Most economic development project searches are kept secret until they are over. We know who won when there is an announcement of a relocation or expansion. We rarely know who else was in consideration.
All of this makes an announcement by Toyota Motor North America last month a bit unusual. Five years ago the American arm of the Japanese manufacturing giant announced a move from southern California to a suburb of Dallas. In an April interview with trade publication Automotive News, Toyota’s North American CEO Jim Lentz let us know who came close but short: Charlotte and Atlanta.
Perhaps worse for Atlanta’s ego following on the recent news that Charlotte is poaching yet another large bank headquarters with BB&T’s recent merger with SunTrust, Charlotte was ahead of Atlanta. According to Lentz, Charlotte’s problem was that there wasn’t enough housing available for the influx of managers and executives that would transfer. Toyota says 65% of its workforce took advantage of the opportunity to relocate.
So what kept those people from becoming Georgians instead of Texans? Traffic.
Southern California is known for some of the worst traffic in the country. So is Atlanta.
“It would have been a lot of the same California issues, and you would have traded traffic for traffic,” Lentz told Automotive News. He went on to say that he wasn’t willing to trade problem for problem, but had to be sure he had to make life better for his employees willing to go through the hassle of a relocation.
Georgia officials would be quick to point out that Dallas’ traffic isn’t much better than Atlanta’s. There is a notable difference of perception however. Dallas’ light rail system has been in a constant state of expansion, with extensions completed in 2002, 2010, 2014, and 2016. Texas has also expanded their freeway network on a regular basis, whereas Georgia is still recovering from decades of population growth while maintaining highway construction spending among the lowest per capita in the country.
Georgia began to address the highway spending problem with a change in the gas tax formula in 2015. The additional revenue raised, however, has mostly been addressing deferred maintenance and major interchange improvements throughout the state. Planned improvements for the metro Atlanta area include a system of toll lanes similar to those recently opened northwest of the city on I-75.
Transit solutions have proven more elusive. While a 2018 law brokered a “transit governance” agreement to bring Atlanta’s suburbs and MARTA serving urban core to the same table, funding transit expansion has proven more elusive.

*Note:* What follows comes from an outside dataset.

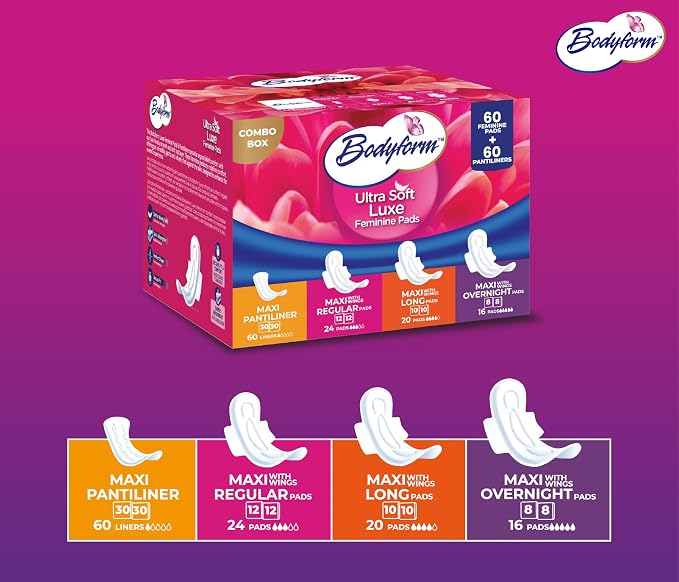Bodyform Luxe Feminine Pads and Pantyliners Combo – 120 Count (60 Pads + 60 Liners), Ultra-Soft, Super Absorbent, Leak Protection, Daily Comfort & Freshness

Gwinnett County, the largest county in the state currently not served by MARTA, rejected an expansion plan into the county earlier this year. Meanwhile, tens of thousands continue to move into the region every year.

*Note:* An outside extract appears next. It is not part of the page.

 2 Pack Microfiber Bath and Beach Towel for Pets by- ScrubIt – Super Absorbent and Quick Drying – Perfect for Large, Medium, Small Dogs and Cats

It’s not completely a situation that, to paraphrase Yogi Berra, is where no one comes to Atlanta anymore because it’s too crowded. Sandy Springs Georgia managed to land Mercedes Benz’s North American Headquarters after Toyota passed on the region. Mercedes HQ location is both near existing MARTA rail service and the development includes significant new housing construction made available to relocating employees.
As such, Toyota’s revelation is but a single data point, but an important one nonetheless. Competition for high paying jobs is as intense as ever, and the company has let the world know of a perceived weakness in the sales pitch of the “number one state to do business”. It’s also a direct signal to Georgia’s political and business community not to rest on past accomplishments.